Sons and Others is a memoir of male survivor relationships, offering readers a glimpse into the lives of the one in six men living in Britain who have experienced sexual violence, and how the legacy of that violence shapes them as fathers, sons, partners and friends.
Pushing back against an adversarial narrative of male vs female survivors, Sons and Others is an acknowledgement of the deeply intertwined personal relationships between all survivors, and offers a vision of a future that delivers justice and fulfillment for us all.
This event is organised in association with Laia Abril’s new exhibition A History of Misogyny, Chapter two: On Rape and Institutional Failure which will be on display from 10 – 27 November 2022 at Copeland Gallery, Peckham, presented by the V&A and Photoworks, as part of the V&A Parasol Foundation Women in Photography Project. Further details can be found here.
Registration details
Age Guidance: 18 yrs +
FREE – but please register in advance
To register, please RSVP via email to parasolwomenphoto@vam.ac.uk
23rd November 2022
6.30-8:30PM BST
Speaking:
Tanaka Mhishi is a writer, performer and storyteller. He is an Associate Fellow of the SHaME project. His works with issues surrounding masculinity and trauma have been produced on screen for BBC 3 and on stages nationwide, including This Is How It Happens, a play about male survivors of sexual violence and the Off West End Award nominated Boys Don’t which he co-wrote and performed in in partnership with Papertale Productions and Half Moon Theatre. He is poet-in-residence for the Consent Collective and a trustee for SurvivorsUK, the UK’s preeminent charity supporting male and non-binary survivors of sexual violence. Tanaka works with media organisations, charities and universities to support conversations surrounding race, sexual violence, masculinity and consent.

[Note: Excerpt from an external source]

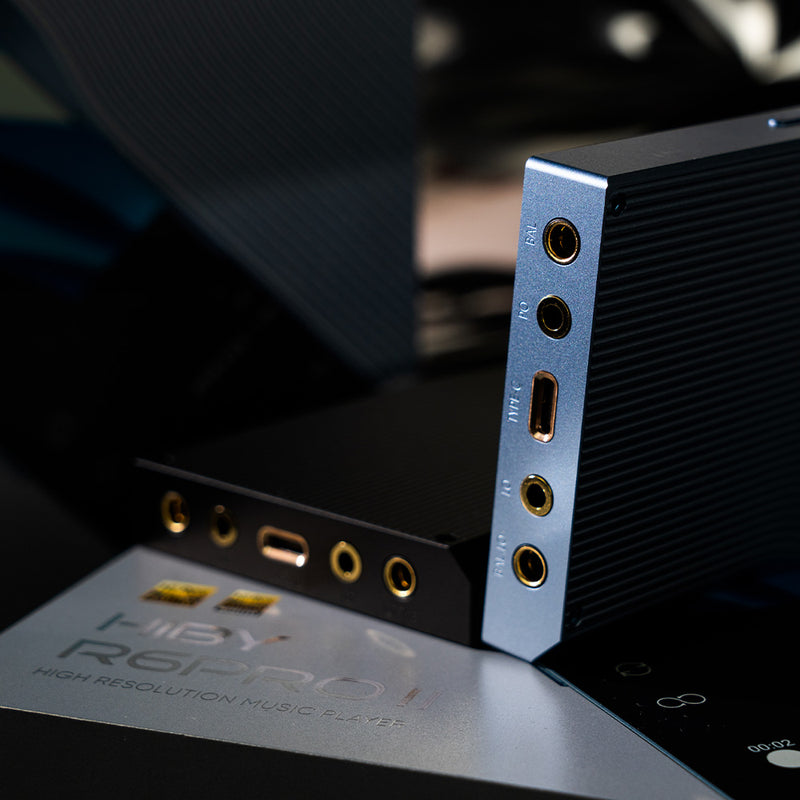 R6 Pro II 2025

Dr George Severs is a Postdoctoral Research Fellow on the SHaME project. His research focuses on the history of male survivors of rape and sexual assault in Britain. His first book, forthcoming with Bloomsbury, examines HIV/AIDS activism in England during the 1980s and 1990s. George is Secretary of the Oral History Society’s LGBTQ special interest group and Public History Editor of Oral History.